Please print, exactly, only the lines in the entries below from the line that has "Лот: 16032609. Фото: 4." through the line that has "Borsa trasportino per". Pictures don't go in.

= Available records =

★ ★ ★

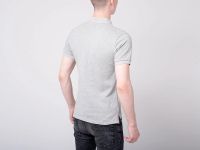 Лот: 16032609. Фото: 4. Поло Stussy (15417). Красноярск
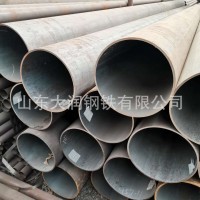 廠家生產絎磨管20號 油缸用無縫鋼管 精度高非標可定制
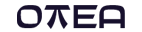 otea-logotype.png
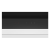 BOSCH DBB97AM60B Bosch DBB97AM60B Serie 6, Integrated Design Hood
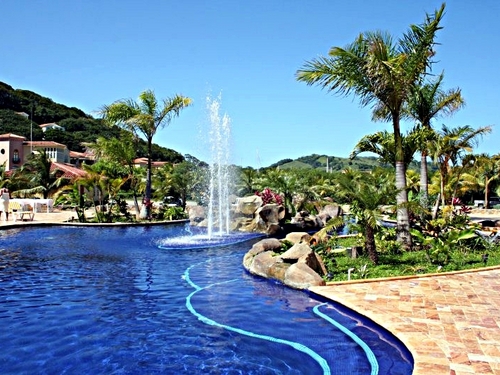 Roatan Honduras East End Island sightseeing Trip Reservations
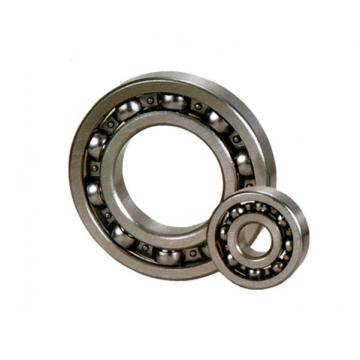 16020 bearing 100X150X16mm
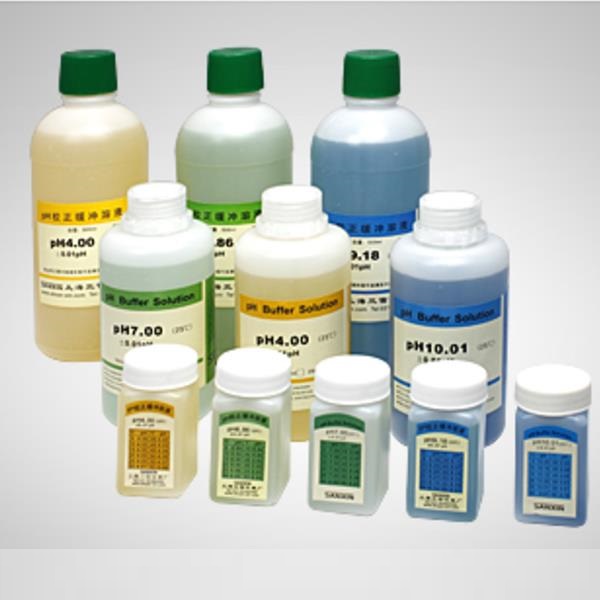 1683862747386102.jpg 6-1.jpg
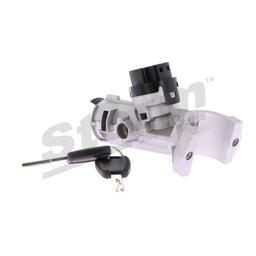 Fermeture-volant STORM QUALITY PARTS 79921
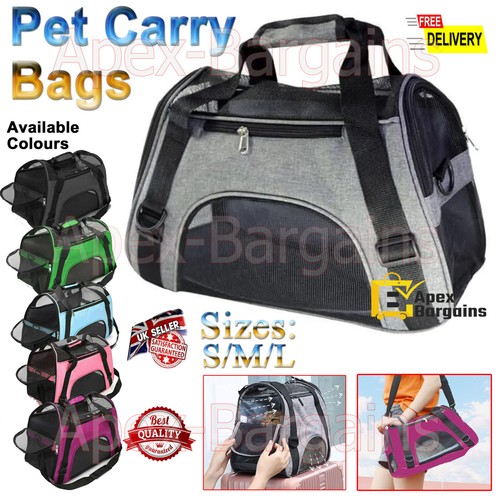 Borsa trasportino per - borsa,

★ ★ ★

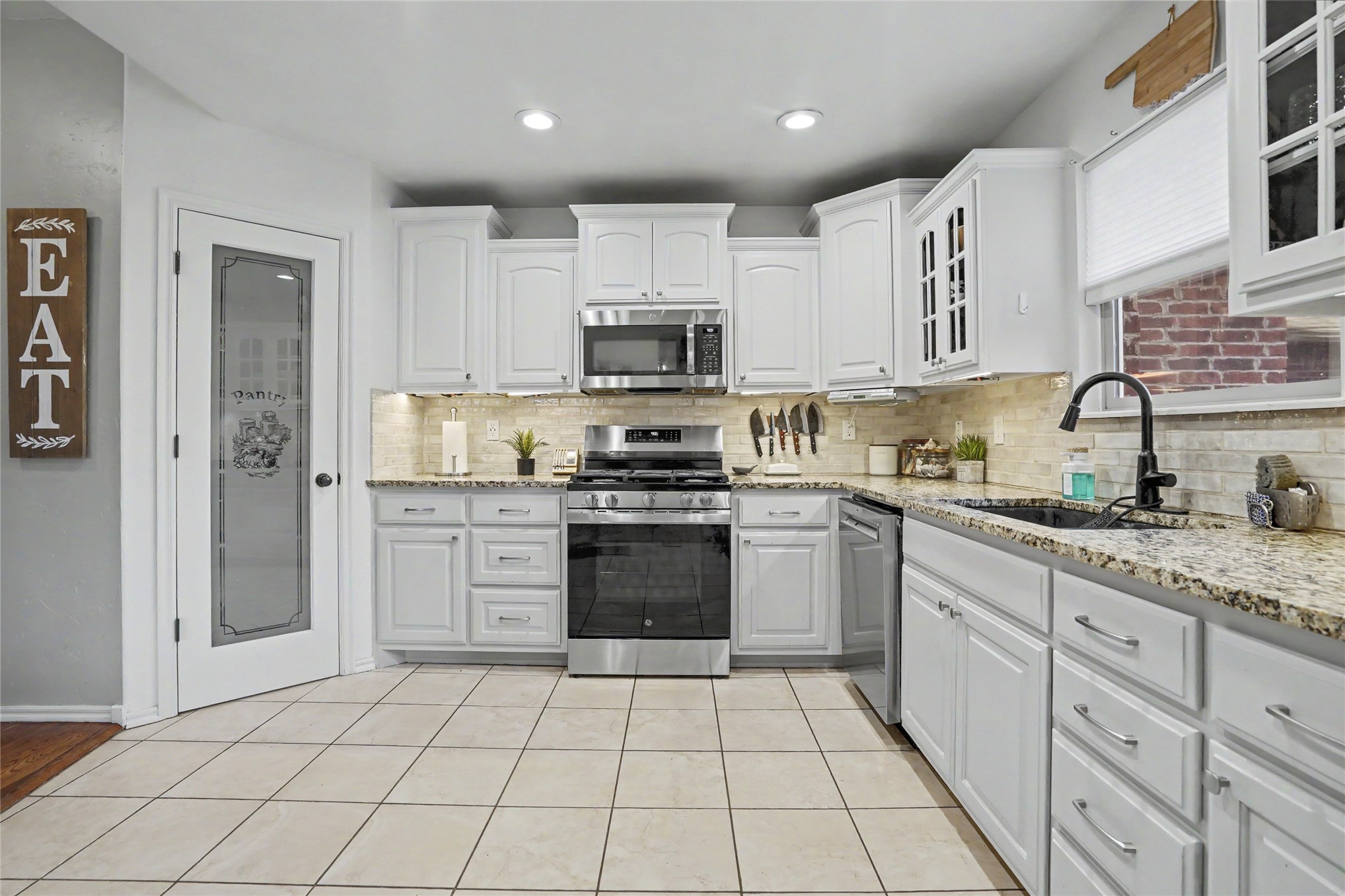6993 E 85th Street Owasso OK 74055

★ ★ ★

= Solution below =
 Лот: 16032609. Фото: 4. Поло Stussy (15417). Красноярск
 廠家生產絎磨管20號 油缸用無縫鋼管 精度高非標可定制
 otea-logotype.png
 BOSCH DBB97AM60B Bosch DBB97AM60B Serie 6, Integrated Design Hood
 Roatan Honduras East End Island sightseeing Trip Reservations
 16020 bearing 100X150X16mm
 1683862747386102.jpg 6-1.jpg
 Fermeture-volant STORM QUALITY PARTS 79921
 Borsa trasportino per - borsa,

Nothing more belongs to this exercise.